Like his father and grandfather before him, Mr. Kepley grows wheat. But energy costs that have quadrupled in three years, along with one of the worst droughts to grip the region in a century, have made it too expensive for him to irrigate. So today Mr. Kepley grows wheat under dry-land conditions, capturing rainfall for two years to make one year's crop.
"These are called semi-dwarfs," he said while surveying his burnt-looking wheat stalks one recent afternoon. “Our geneticist started developing this. Generally our wheat will be about knee-high when it is harvested. It doesn’t use much energy in developing the stalks.”

The theme is that pumping water has become more and more expensive with increasing energy costs, and farmers are looking for improved draught-tolerant breeds to help compensate. It's not a cure, since productivity and diversification both are improved with irrigation, but it can be a more economical solution as irrigation becomes more expensive.

Why ants don't get IRB boards

In contrast to the terrible white buffalo stories, there is a fairly genetically enlightening story about Argentine ants, by Jeanna Bryner.

The problem is that these ants are invasive in California, and succeed so well because -- being descended from a single founder -- their limited genetic variation makes them all behave as if they were in a single colony.
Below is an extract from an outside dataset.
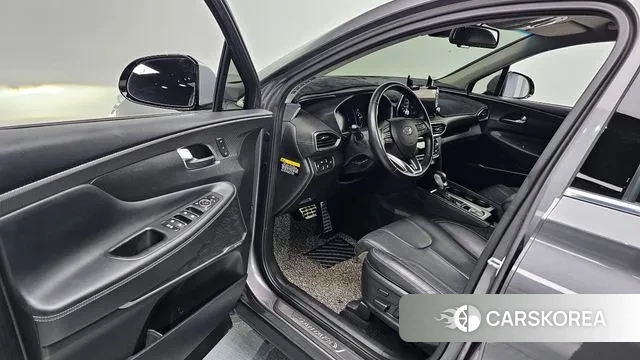 Hyundai Santa Fe TM 2018 Серый из Кореи, фото 2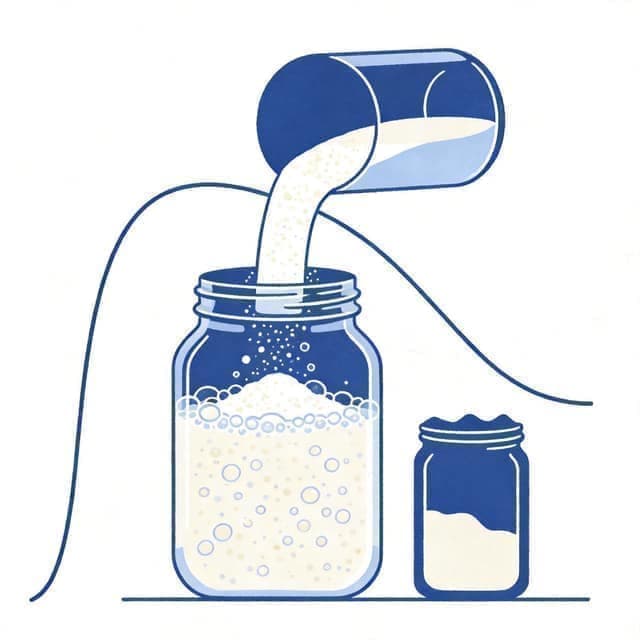 酵种喂养计算器插图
All the ants across California acting as a single colony. This is like the real worst-case ant scenario -- much worse than Them, where you can just sort of find the big ants and hit them with artillery. These aren't fire ants, but fire ants also pose a similar problem -- adjacent colonies that would have competed and fought if they were genetically variable, instead just help each other out.

Eventually this situation will degrade, as ants will slowly gain genetic variation. This is a really interesting question about intergroup selection, though -- because an ant colony that expresses a "foreign-looking" pheromone will be set upon by every other colony it ever encounters. It's hard to see that as being advantageous unless population structure reinforces it. For instance, a large and successful colony might hold off repeated attacks from lots of small itinerant colonies around it, and being able to recognize them and attack them helps to police its territory.

But until this gets sorted out, scientists want to do something to help the poor native ants, who are all getting annihilated. They're coming up with pheromone formulas, smearing them on the ants, and seeing if they get attacked:

Getting the chemical treatment was dizzying. First, Tsutsui and his team coated the inside of a vial with the chemical. They plopped an ant into the tube and spun it in a machine for 90 seconds to make the chemical stick.
"After all that shaking it's a little bit wobbly, but usually it's still alive," Sulc said. "Then, we put it back into the Petri dish with 10 of its friends from the same colony and then we observe how aggressive they are toward him."
The other ants immediately attacked, using their large mandibles, or jaws, to bite and tear off its legs, Sulc said.

Nice. Pummel them around the face and jaw, and then send them in for the kill.

Still, it's hard to figure how they are going to get this pheromone onto bajillions of ants in the field. Maybe they can engineer a virus to do it. An ant body odor virus.